Gelombang Ketiga Indonesia merupakan`narasi cerdas` yang membincangkan Indonesia sebagai bangsa dan negara yang bukan hanya mempunyai orientasi politis-kenegaraan tetapi juga kemanusiaan-peradaban. Anis mempunyai obsesi besar, bahwa potensi bangsa yang demikian besar ini jangan hanya diarahkan pada sekadar kepentingan teritorial negara dan bangsa Indonesia saja, tetapi harus bermetamorfosa sebagai negara yang berorientasi peradaban untuk kesejahteraan manusia. Saatnya Indonesia bangkit melalui gelombang ketiga untuk membuat perubahan signifikan menuju Indonesia gemilang, sejahtera dan berperadaban.

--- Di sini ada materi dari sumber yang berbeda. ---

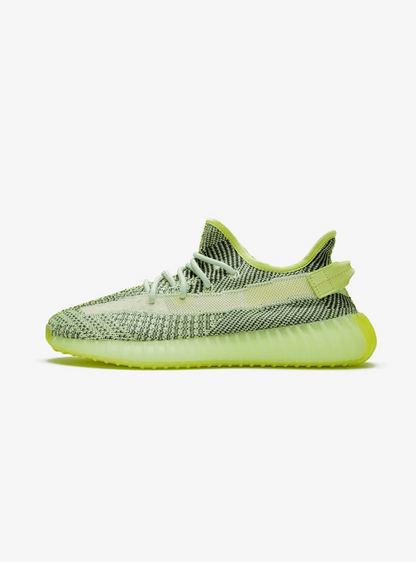 Adidas Yeezy Boost 350 V2 Yeezreel (Non-Reflective)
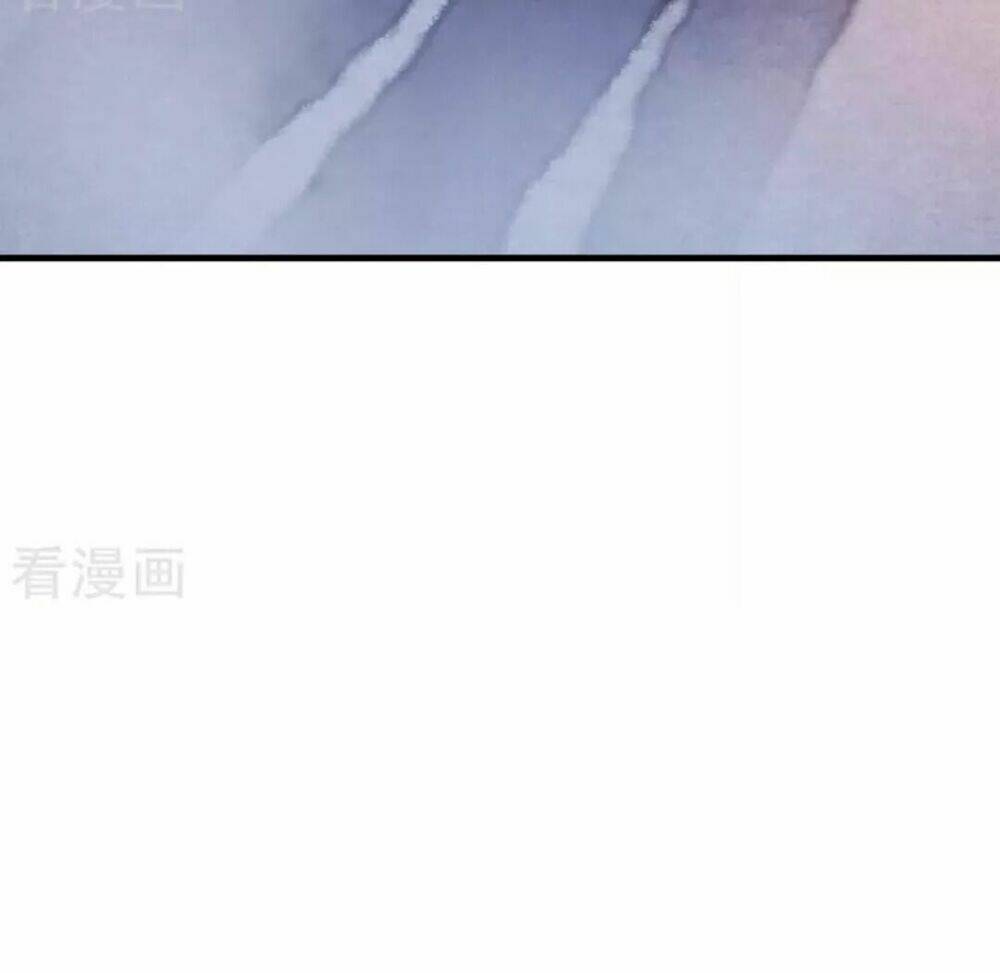 bạch liên yêu cơ người chapter 46 20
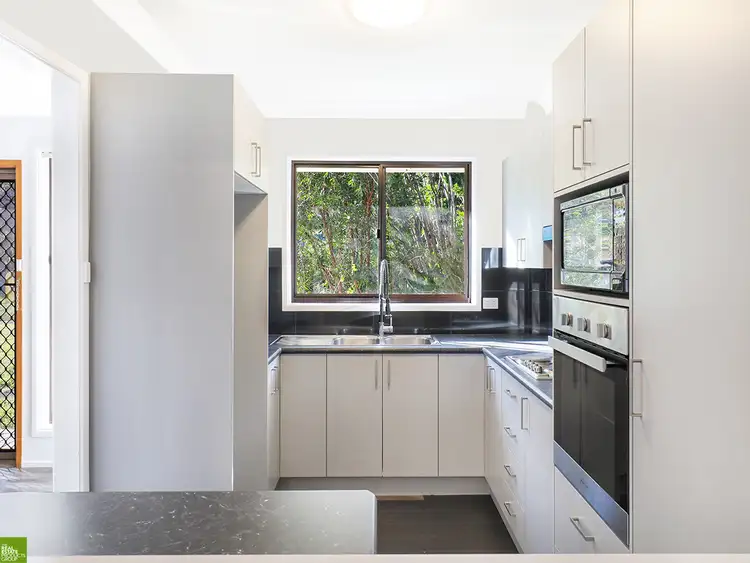 Fourth view of Homely villa listing, 14/394 Princes Highway, Dapto NSW 2530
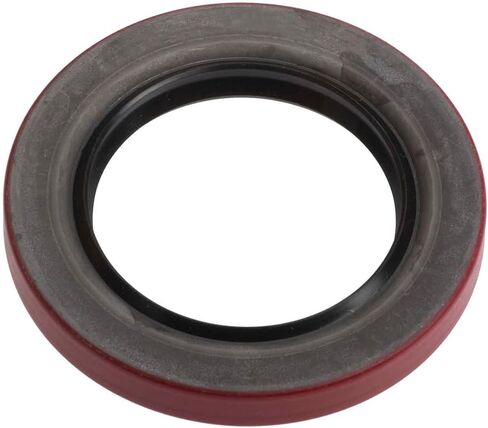 Manual Transmission Input Shaft Seal for International Harvester B122, B100 1959 1960 3.9L l6 Replace# 59587R91, 62836R1 1-PC in Saudi Arabia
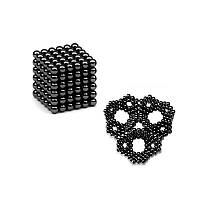Neocube магнитный конструктор-головоломка
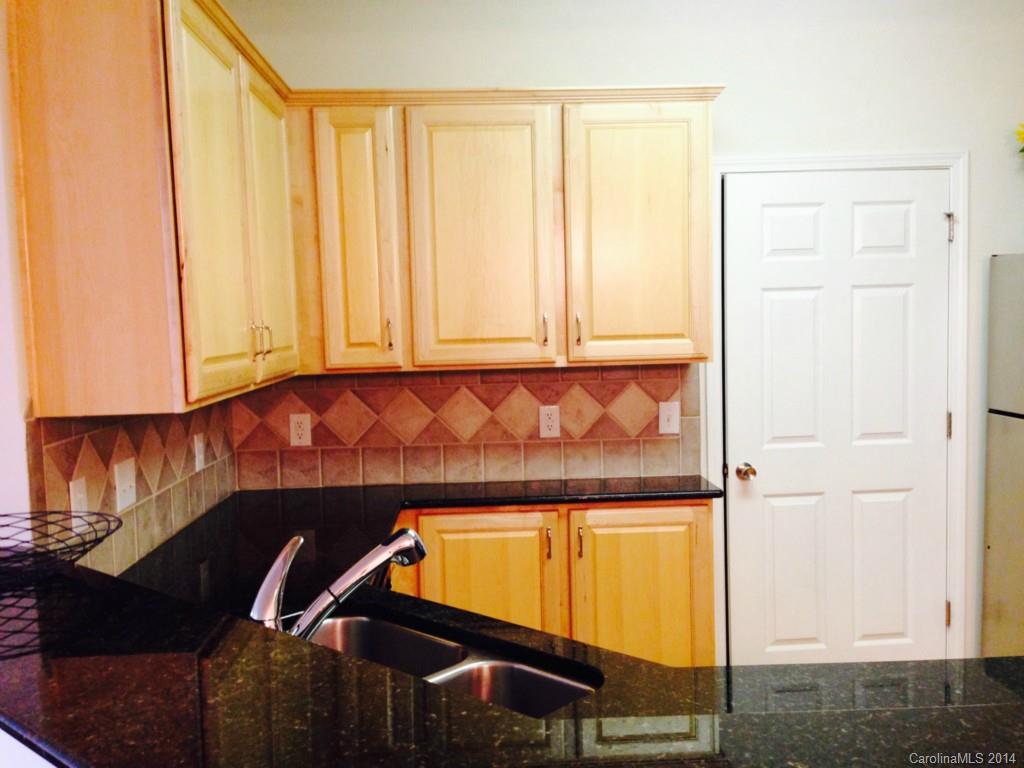 Belle Vista - Residential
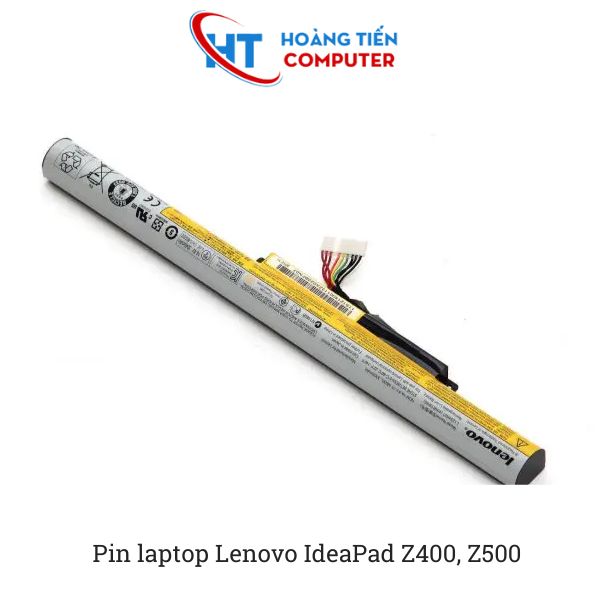Địa chỉ thay pin laptop chất lượng, gi&aacute; tốt tại TPHCM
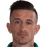 Brian Lozano - Live Team Defensor Sporting Montevideo 298099
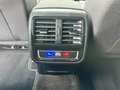 Volkswagen Passat Variant 2,0 TDI DSG *DIGITAL*NAVI*RFK*PDC*AHV*APP*SITZHZ* Grau - thumbnail 8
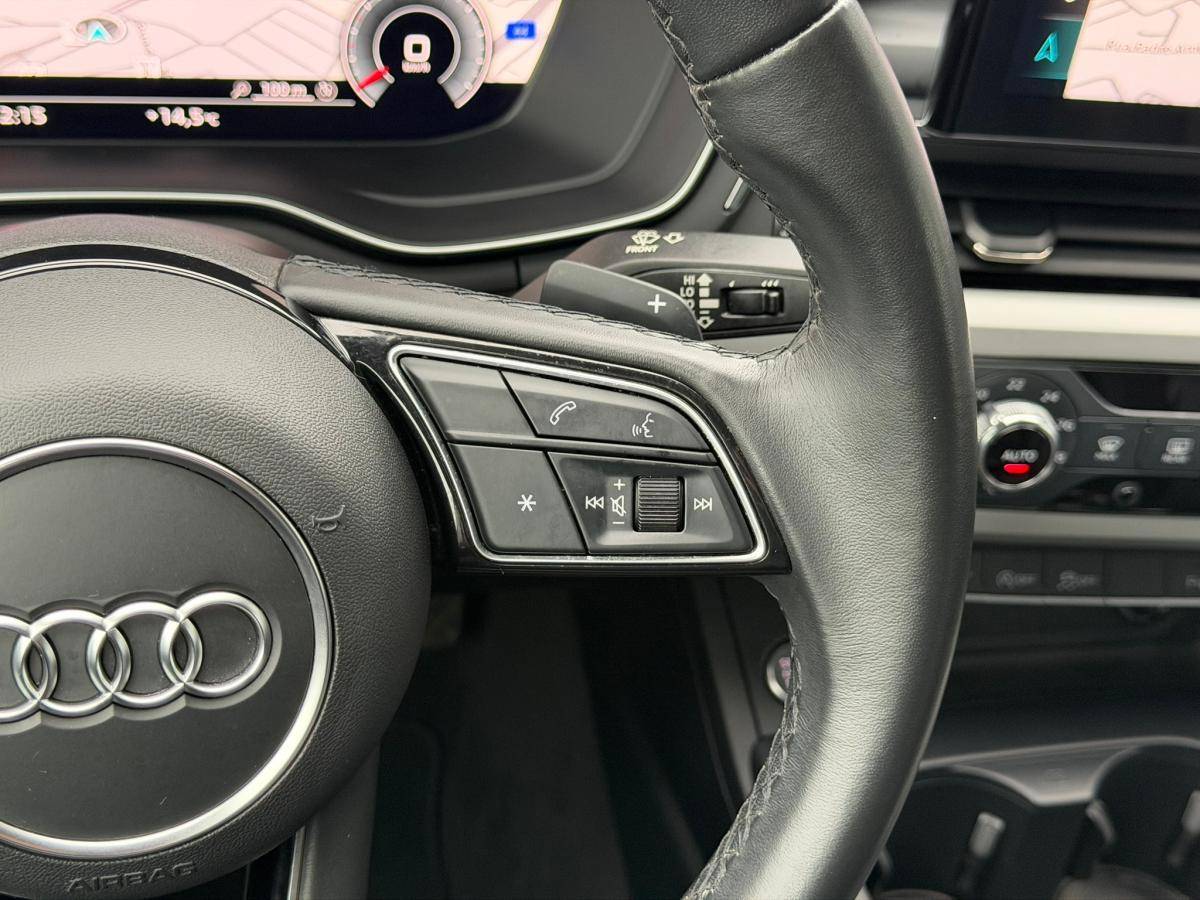 audi-a5-sportback-2022-diesel-1968cc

Buku ini ditulis dengan gaya tulisan ilmiah dan diperkaya dengan realita-realita sejarah dengan sudut pandang berbeda. Secara umum buku ini sangat bagus dan cocok bagi para pecinta tema politik, atau yang secara langsung terjun dalam politik praktis. Anis Matta menggunakan ‘pisau analisa sejarah’ untuk menggambarkan gelombang perubahan perpolitikan Indonesia.
Memang sebagaimana kata penulis, buku ini masih banyak kekurangan, dan belum bisa dikatakan sempurna. Namun paling tidak bisa dijadikan sebagai wacana untuk memetakan orientasi perpolitikan Indonesia ke depan, yang mendapatkan keuntungan faktor demografis.
Sejatinya pada gelombang ketiga nanti, -sebagaimana persepsi penulis- ketegangan-ketegangan yang selama ini terjadi akan reda dan bisa dijadikan sebagai energi perubahan yang positif bagi bangsa dan negara; ketegangan-ketegangan yang selama ini terjadi antara agama, negara dan kemodernan sudah tak relevan lagi untuk dipertentangkan pada gelombang ketiga.
Pada epilog buku penulis memungkasi, “Kini, kerja keras kita harus difokuskan untuk mentransformasikan Indonesia menjadi entitas peradaban sehingga kita dapat menjadi kekuatan arus utama yang ikut berperan menata masalah umat manusia di muka bumi ini. Insyaallah”.
Ya, saatnya kita memupuk kesadaran untuk menjadi katalisator bagi masa depan Indonesia yang lebih maju, sejahtera, agamis dan berperadaban tinggi. Maukah anda menjadi bagian dari katalisator perubahan gelombang ketiga Indonesia? Silakan membaca dan silakan berjuang untuk mewujudkannya.